Global existence and asymptotic decay for small solutions of general quasilinear hyperbolic balance laws
Matthias Sroczinski
TL;DR
The paper addresses global existence and decay for small solutions to general quasilinear hyperbolic balance laws without relying on an entropy structure or symmetry in the source term. It develops a para-differential framework under (H), (RH) and the dissipation conditions (D1)-(D3) to capture dissipation across Fourier scales, establishing linear Fourier-space decay and a nonlinear stability result in $H^s\cap L^1$ for $d\ge3$ with rate $(1+t)^{-d/4}$. The results apply to multidimensional Jin–Xin relaxation systems and clarify the relationship to entropy-dissipative theories, showing global stability beyond entropy-based methods.
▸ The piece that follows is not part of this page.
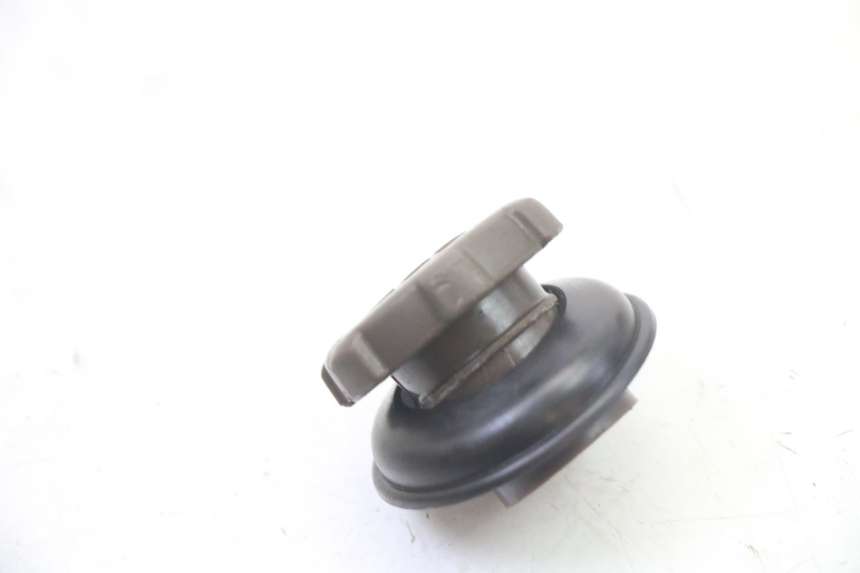 photo de BOUCHON RESERVOIR HUILE PIAGGIO NRG POWER PUREJET 50 (2018 - 2021) - Détail de la pièce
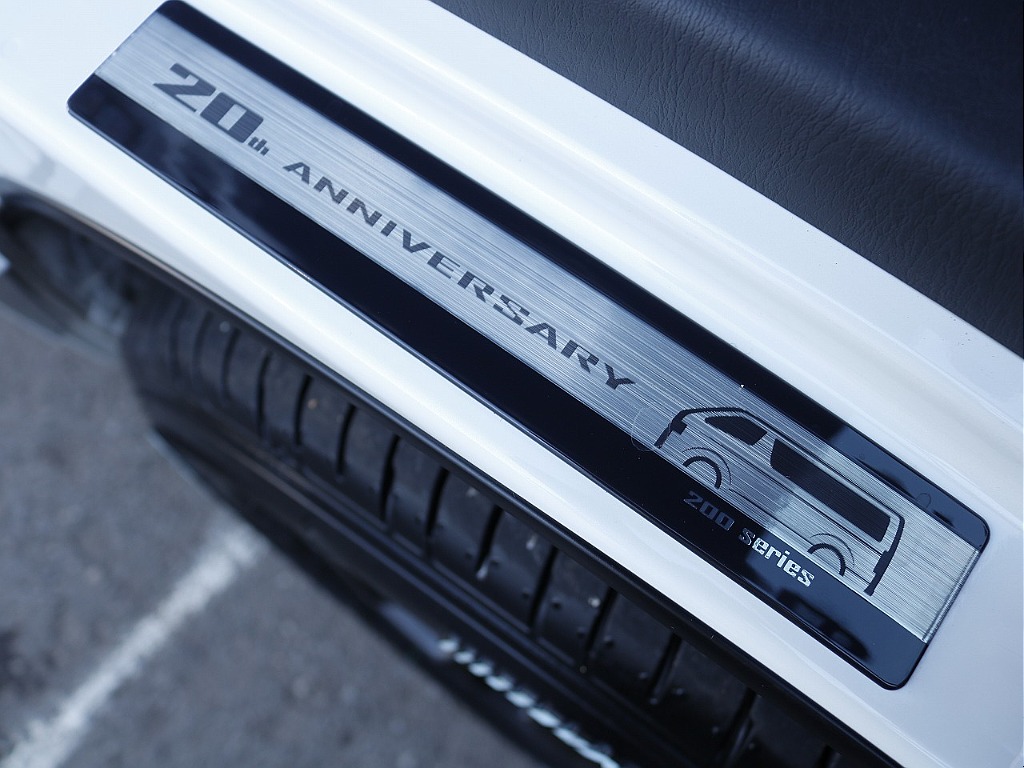 新型ハイエースに装着されている20周年記念スカッフプレート☆ 限定部品がついていると特別な感覚になりますね♪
This extends classical Kawashima–Yong-type results to a broader class of systems and provides a robust tool for analyzing nonlinearly dissipative hyperbolic balance laws in higher dimensions.
Abstract
This paper establishes global existence and asymptotic decay for small solutions to quasilinear systems of hyperbolic balance laws, where, generalizing previous works, the hyperbolic operator does not need to admit an entropy nor does the source term need to satisfy any symmetry assumptions. Dissipative properties are characterized by three conditions corresponding to regimes of small, intermediate and large wave numbers in Fourier space and the fully non-linear system is treated by using methods of para-differential calculus recently developed in the context for proofs of global existence and decay in second-order hyperbolic systems. The present work leads, in particular, to asymptotic stability of rest-states for multidimensional Jin-Xin relaxation system, a result not accessible through previous methods.